Shakespeare introduces his play with a Prologue that is spoken by a Chorus. In Renaissance drama, the chorus was a single actor (an actor who would also play one of the other roles in the play). This is different from Classical Greek drama, where the chorus was a group of individuals often speaking in unison. However, like the chorus in Greek times, the chorus plays the crucial role of establishing the setting since Renaissance drama, like its Greek counterpart, was performed on a bare stage and the audience had to rely on their imagination to envision the locations where the action is performed. More importantly, and also like the Greek tragedies, the chorus also serves the function of providing foreshadowing. Audiences did not attend plays because they expected surprise endings. Rather, they attended because they wanted to see how the conflict develops and how the characters respond to that conflict.

In the first line of the prologue the Chorus informs the audience that the two families involved, the Montagues and the Capulets, are “both alike in dignity.” The word dignity refers to social status. The families are aristocratic and, therefore (according to English custom), honorable. Shakespeare, however, probably also intends an ironic meaning of the word as well. The two families are involved in a family feud, and being involved in such a feud brings no dignity and no honor with it.

The Chorus describes Romeo and Juliet as a “pair of star-crossed lovers” (line 6). He is indicating that their fate or destiny (from the astrological belief that everyone’s life is predetermined by the alignment of the planets and stars at the time of one’s birth) will be crossed. The word crossed here suggests that the lover’s fate will be afflicted or in conflict. He adds that their story will be piteous (line 7) and marked by their deaths (9).

Further, the Chorus informs the audience that the story is also about hate (indicated by the word rage in line 10). The hatred between the Montagues and the Capulets will end with the deaths of young Romeo and Juliet. Only an extremely violent and tragic circumstance is capable of ending the extremely foolish behavior of the two warring families.

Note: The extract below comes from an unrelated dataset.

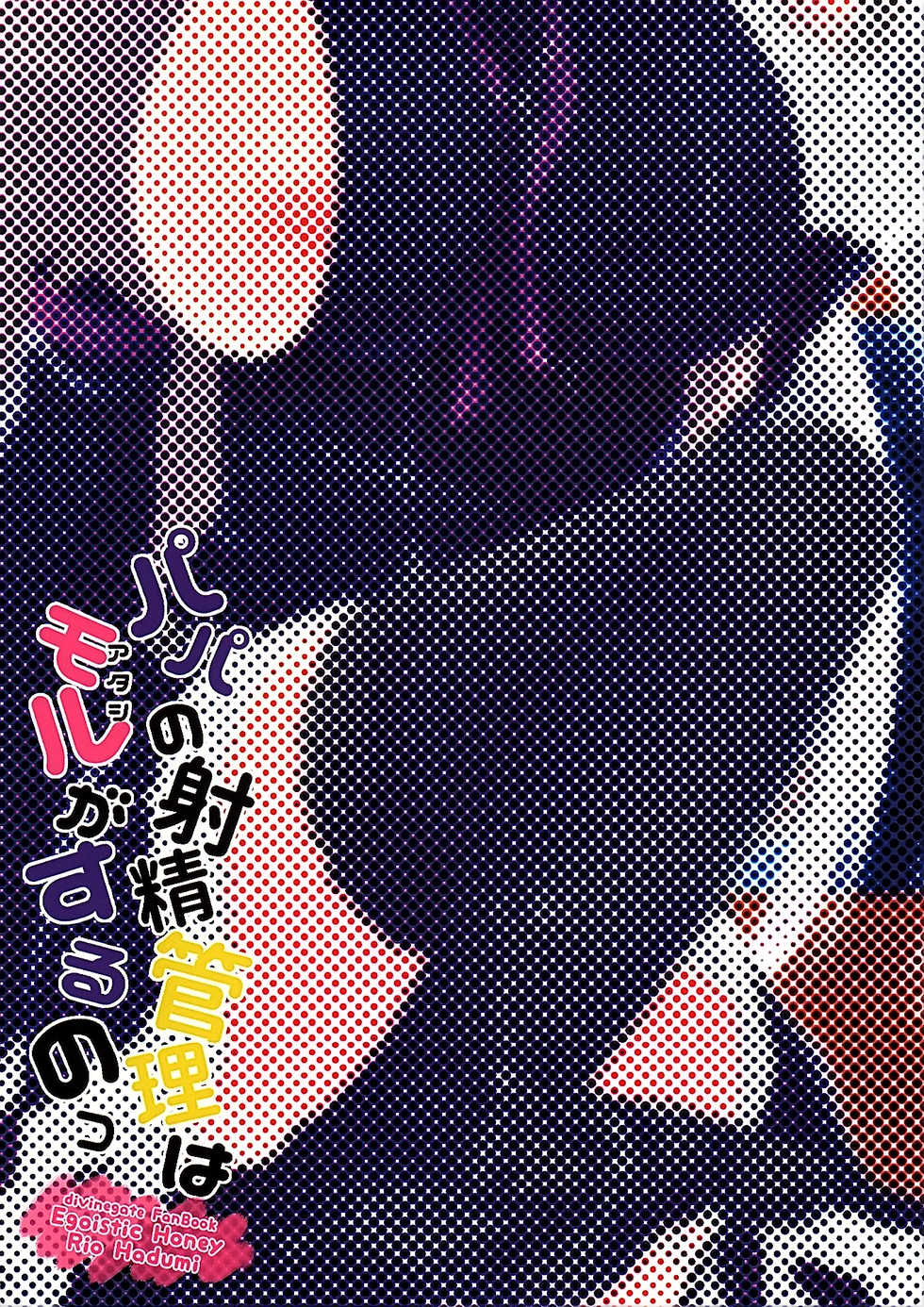 (COMIC1☆10) [Egoistic Honey (Hazumi Rio)] Papa no Shasei Kanri wa Atashi ga Suru no (Divine Gate) [Chinese] [脸肿汉化组] - Page 23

Tragedy is typically marked by the fall of the protagonist. The fall is one from honor and status. Shakespeare, in a sense, alters the tradition in tragedy because the fall from honor happens to the parents, not the protagonists Romeo and Juliet. The parents’ fall has already started at the beginning of the tragedy (with their involvement in the feud), but that fall becomes complete with the loss of their children. Only with their children’s deaths do the parents realize just how foolishly and dishonorably they have been behaving throughout the course of their lives.

Romeo and Juliet

One other comment needs be said about the prologue. It is a sonnet. A sonnet is a fourteen-line poem written in iambic pentameter and having a fixed rhyme scheme. The prologue thus establishes the richly poetic nature of the entire play. Poetry is all about the expression of powerful emotion, and love is one of the most powerful emotions of all.